Question Posted Wednesday February 23 2011, 11:28 pm
i am a 20 year old female that is in love with my highschool sweetheart and when i met hiim he was the sweet shy guy and even though we are 3 years apart we are still together after 7 years. unfortunatly all we do is fight. and it is over stupid stuff he tells me all the time "i love you to death but god you drive me insane and sometimes i really hate you" it makes me feel ugly and not worthy of anything. i completley ignore the words "i love you" when after that he tells me he hates me. :( HELP!!
[ Answer this question ] Want to answer more questions in the Relationships category? Maybe give some free advice about: Love Life? Lola answered Friday February 25 2011, 7:21 am: Sometimes when you love someone so much, there are certain things about you that you have to change inorder to please this person or satisfy this person. Ofcourse in reality, you should never change who you are for anyone, but sometimes you find yourself obliged, or you do it out of love, like when you sacrifice something you really love to do, or your career, or whatever it is, to be with the person you love. So in your case, maybe there is a certain thing about you or about him, in the personality, or a certain action or behaviour that triggers the fighting, usually there is a source which the reason behind the continuous fighting and tension and that lets you get on each others' nerves. So try to find that, and maybe change it. And if there isn't anything, then try to follow a different strategy, try to not fight back when he fights, and like smile or laugh out loud, not in a way to piss him more, but to just laugh it off, you know how you laugh something off, to make it seem of a lesser problem than it really is?
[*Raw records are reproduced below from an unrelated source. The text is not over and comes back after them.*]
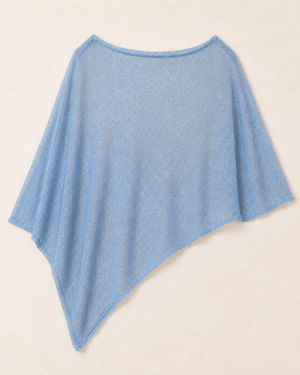Light Blue Sheer Knit Batwing Poncho Top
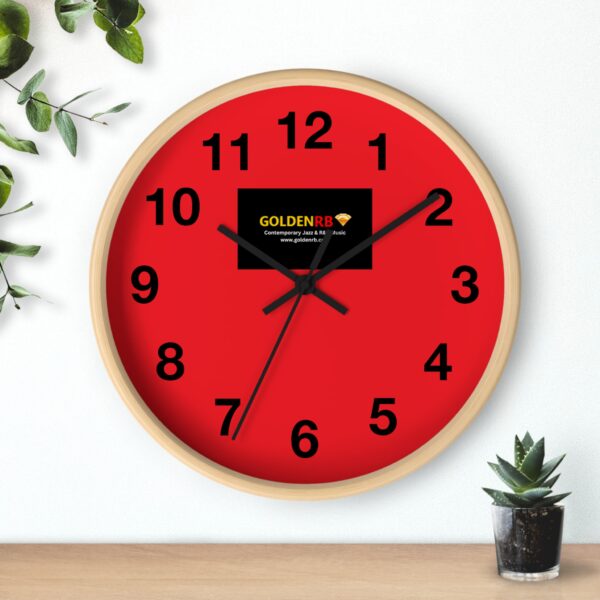 Gold Ruby Wall Clock - Modern Red Design - Image 3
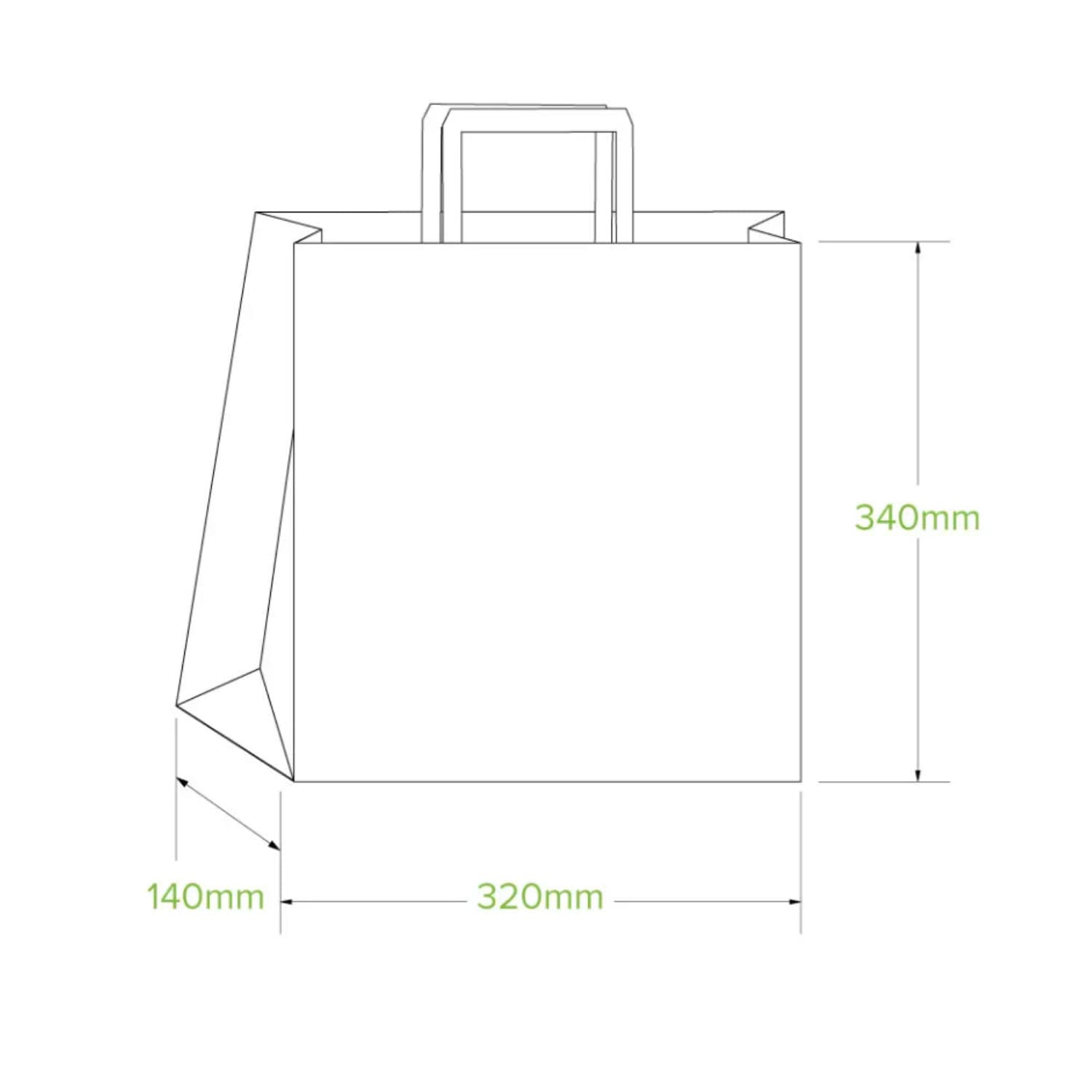 320x140x340mm Medium Flat Handle Kraft Paper Bags alternate image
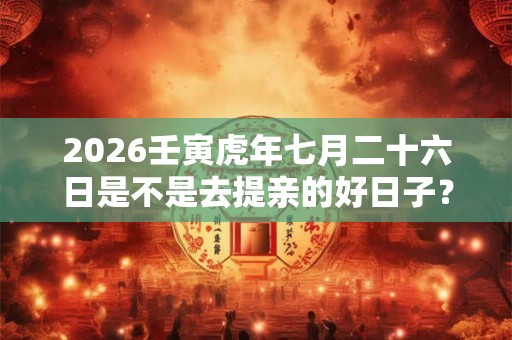 2026壬寅虎年七月二十六日是不是去提亲的好日子？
Do that. Or like reply back in a low tone and quiet tone, to make him realize how bad and foolish he looks like shouting out at you, so he'll lower his tone. Or simply tell him, I don't want to fight anymore, and just like you know, kiss him or hug him, or talk sweet talk to him, because in the very end, I'm sure that he loves you, and that you love him, and you've been through alot together, so don't throw that away, I don't want to have to tell you to throw that away, because beneath all that fighting, it means so much to you, and to him, so don't lose it, fight for it. [ Lola's advice column | Ask Lola A Question ]
diz_anjel_grl answered Thursday February 24 2011, 9:08 pm: I don't know why, but I feel like this kind of reminds me of my ex-boyfriend. He was a verbal abuser. I think what you should do, is talk to him. Tell him he's hurting you. That you don't like it when he says, "i hate you" and "you drive me insane." If he really did love you, then he would consider your feelings instead of saying it out of anger. He should be able to control his rage and fix up his attitude and change. It may take a while, depending on anybody at all. It may be days, a couple of weeks, months, who knows?
If you already did, and he's continuing to do it. Sorry sweetie, then I think it's time for you to move on! And get someone who will appreciate you more, and is able to be a MAN and change FOR you. Someone who will not say such horrible things.